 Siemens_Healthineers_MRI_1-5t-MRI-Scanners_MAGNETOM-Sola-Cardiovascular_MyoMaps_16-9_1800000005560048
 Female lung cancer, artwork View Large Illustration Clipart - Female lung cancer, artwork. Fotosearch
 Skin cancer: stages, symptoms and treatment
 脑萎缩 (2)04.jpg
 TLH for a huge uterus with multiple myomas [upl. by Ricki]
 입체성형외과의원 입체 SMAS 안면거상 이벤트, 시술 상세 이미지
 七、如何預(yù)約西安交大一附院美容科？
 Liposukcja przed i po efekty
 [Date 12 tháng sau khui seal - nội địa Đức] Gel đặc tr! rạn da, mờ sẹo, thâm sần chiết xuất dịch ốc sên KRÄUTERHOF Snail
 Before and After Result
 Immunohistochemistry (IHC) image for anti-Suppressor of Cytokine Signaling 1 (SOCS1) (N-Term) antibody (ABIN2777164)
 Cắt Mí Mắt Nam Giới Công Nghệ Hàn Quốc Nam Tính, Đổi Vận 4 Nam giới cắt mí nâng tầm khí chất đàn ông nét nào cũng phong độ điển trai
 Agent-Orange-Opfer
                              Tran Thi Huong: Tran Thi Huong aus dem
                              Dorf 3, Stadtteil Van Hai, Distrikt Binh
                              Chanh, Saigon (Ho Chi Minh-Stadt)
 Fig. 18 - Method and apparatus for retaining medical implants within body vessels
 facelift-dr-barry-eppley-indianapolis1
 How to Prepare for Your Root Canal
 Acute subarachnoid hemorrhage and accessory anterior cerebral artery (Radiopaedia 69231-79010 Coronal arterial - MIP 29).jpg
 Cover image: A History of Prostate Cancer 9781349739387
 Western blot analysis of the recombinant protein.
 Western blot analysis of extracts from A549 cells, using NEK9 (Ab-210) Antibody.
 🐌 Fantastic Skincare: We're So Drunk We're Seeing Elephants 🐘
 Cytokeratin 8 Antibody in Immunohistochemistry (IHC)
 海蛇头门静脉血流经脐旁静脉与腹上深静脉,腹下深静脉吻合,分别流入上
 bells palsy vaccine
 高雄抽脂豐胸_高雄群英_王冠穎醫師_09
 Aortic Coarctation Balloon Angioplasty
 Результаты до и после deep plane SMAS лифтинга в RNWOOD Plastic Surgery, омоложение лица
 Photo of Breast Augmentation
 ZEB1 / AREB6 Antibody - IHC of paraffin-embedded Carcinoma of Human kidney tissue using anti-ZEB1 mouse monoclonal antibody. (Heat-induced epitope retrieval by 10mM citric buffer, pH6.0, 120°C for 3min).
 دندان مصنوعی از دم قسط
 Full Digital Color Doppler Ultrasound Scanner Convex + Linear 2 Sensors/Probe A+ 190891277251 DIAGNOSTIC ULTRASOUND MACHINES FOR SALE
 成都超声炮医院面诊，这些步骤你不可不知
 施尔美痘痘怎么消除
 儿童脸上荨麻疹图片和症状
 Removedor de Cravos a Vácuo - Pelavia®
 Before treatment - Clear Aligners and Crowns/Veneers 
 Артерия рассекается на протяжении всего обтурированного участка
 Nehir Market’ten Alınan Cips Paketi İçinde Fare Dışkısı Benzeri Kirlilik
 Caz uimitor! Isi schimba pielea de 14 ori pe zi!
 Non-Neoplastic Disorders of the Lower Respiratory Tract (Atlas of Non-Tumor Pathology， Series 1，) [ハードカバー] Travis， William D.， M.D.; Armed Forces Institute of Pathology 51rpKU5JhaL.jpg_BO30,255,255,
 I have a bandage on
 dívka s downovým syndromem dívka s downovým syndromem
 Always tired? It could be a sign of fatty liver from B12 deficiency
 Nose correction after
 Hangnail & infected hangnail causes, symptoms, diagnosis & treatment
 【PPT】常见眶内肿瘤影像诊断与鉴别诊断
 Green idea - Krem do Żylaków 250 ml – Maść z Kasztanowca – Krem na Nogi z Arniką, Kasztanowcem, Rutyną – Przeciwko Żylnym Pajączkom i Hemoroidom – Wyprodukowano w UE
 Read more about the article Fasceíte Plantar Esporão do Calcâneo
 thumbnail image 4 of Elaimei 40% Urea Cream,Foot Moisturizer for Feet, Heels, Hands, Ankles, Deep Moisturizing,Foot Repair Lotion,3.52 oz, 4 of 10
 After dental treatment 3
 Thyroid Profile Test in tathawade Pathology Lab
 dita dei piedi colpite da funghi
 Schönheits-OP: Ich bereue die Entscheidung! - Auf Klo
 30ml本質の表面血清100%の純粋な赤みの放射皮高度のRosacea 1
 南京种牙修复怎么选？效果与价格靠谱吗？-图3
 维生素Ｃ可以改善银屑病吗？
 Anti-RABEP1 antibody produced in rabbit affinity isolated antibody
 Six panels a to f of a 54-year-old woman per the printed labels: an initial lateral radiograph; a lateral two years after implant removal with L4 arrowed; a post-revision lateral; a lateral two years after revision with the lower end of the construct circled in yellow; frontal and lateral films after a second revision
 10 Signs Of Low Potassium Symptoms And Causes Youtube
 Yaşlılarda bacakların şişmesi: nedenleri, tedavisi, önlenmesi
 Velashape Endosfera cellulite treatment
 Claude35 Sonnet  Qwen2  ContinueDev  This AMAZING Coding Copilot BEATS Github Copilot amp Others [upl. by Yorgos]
----------------------------------------
__WHAT YOU ARE ASKED TO DO__. Scan the preceding records line by line, and state how many lines contain "blot". Nothing else belongs in the answer.

__PROBLEM SOLUTION__. 2